» ABOUT THIS TASK: Further down are entries; set down exactly and only the lines from the one with "FREE FIREWOOD –" up to and including the one with "two monkeys cleaning", dropping each picture.

» EXERCISE DATA:
--*--
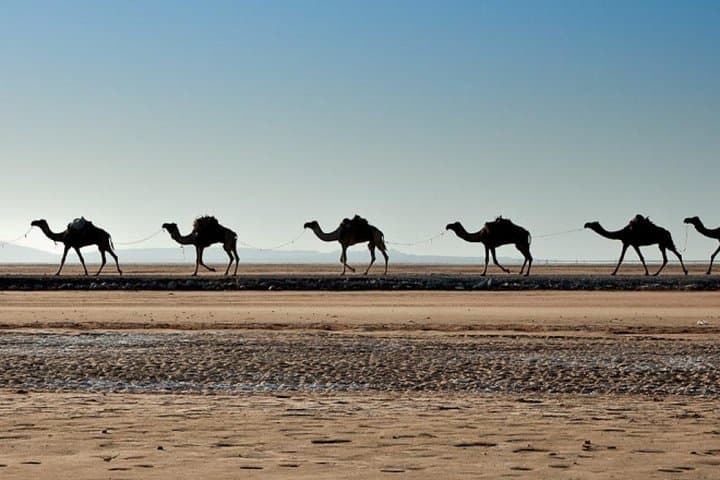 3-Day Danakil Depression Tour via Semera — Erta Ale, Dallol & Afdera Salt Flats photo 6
--*--
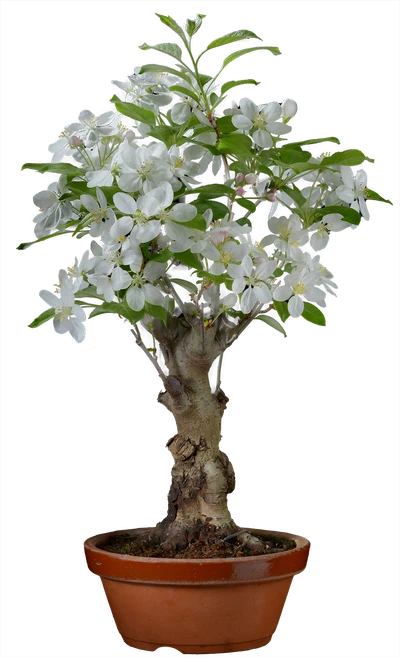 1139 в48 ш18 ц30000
--*--
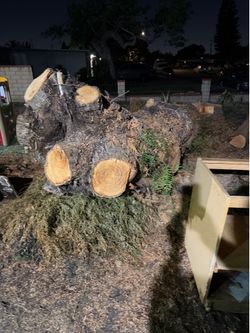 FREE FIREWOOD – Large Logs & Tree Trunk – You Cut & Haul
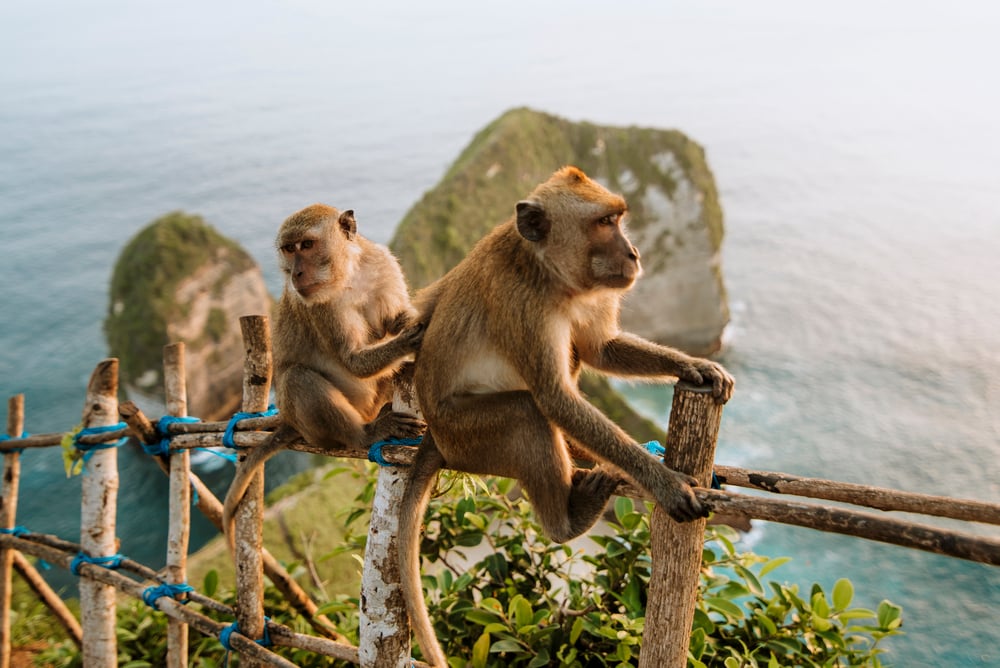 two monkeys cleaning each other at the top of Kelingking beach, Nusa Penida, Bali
--*--
» RESPONSE FOR THIS EXERCISE:
 FREE FIREWOOD – Large Logs & Tree Trunk – You Cut & Haul
 two monkeys cleaning each other at the top of Kelingking beach, Nusa Penida, Bali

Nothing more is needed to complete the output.